The analytical model itself can be deployed as an API, embedded in a web app or a mobile app. It can be scheduled to run every hour, day, week or month. Note the difference between the machine learning development environment (Jupyter, Anaconda, R, …) and the IT environment used for deployment such as Java, .NET, etc. It is important to keep the model changes in sync with application changes.
Development governance is essential for successful machine learning model deployment. The training code should be well-documented. Good collaboration and versioning facilities are essential. An important question is whether the training code can be easily reproduced so as to re-train the model periodically. Also be aware of the ‘runs on my machine’ phenomenon, and try out the machine learning model on various IT platforms. To facilitate the development and later deployment of your models, firms nowadays rely on containerized solutions such as Docker.
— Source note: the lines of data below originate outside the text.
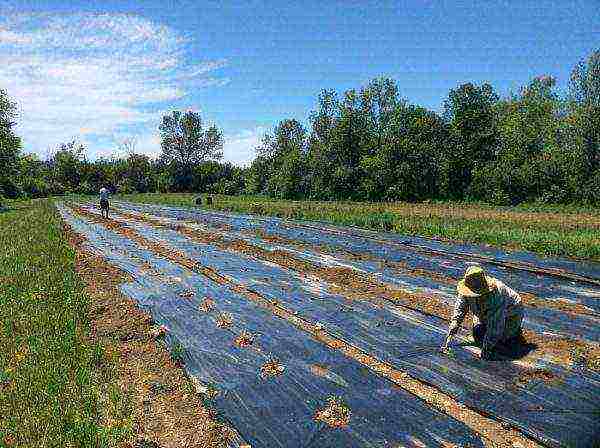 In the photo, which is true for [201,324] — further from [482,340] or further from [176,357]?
[482,340]

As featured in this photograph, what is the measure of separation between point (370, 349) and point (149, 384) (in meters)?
3.00

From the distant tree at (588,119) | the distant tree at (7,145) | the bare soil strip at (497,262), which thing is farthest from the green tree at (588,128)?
the distant tree at (7,145)

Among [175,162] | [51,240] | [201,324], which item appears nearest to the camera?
[201,324]

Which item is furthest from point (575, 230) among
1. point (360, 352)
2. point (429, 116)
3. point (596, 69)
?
point (429, 116)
Many of these deployment issues we just raised are also well known in traditional software engineering. Think of testing, monitoring, logging, and structured development processes, but also Continuous development, integration, deployment (CI/CD). However, in the context of ML productionization many of these are hard to apply since ML models degrade silently. Moreover, data definitions change, people take actions based on model outputs, other externalities change (different promotions, products, focus…). Models will happily continue to provide predictions, but as concept drift increases, their accuracy and generalization power will decrease over time. Hence, a rock solid model governance infrastructure is key to successful machine learning model deployment.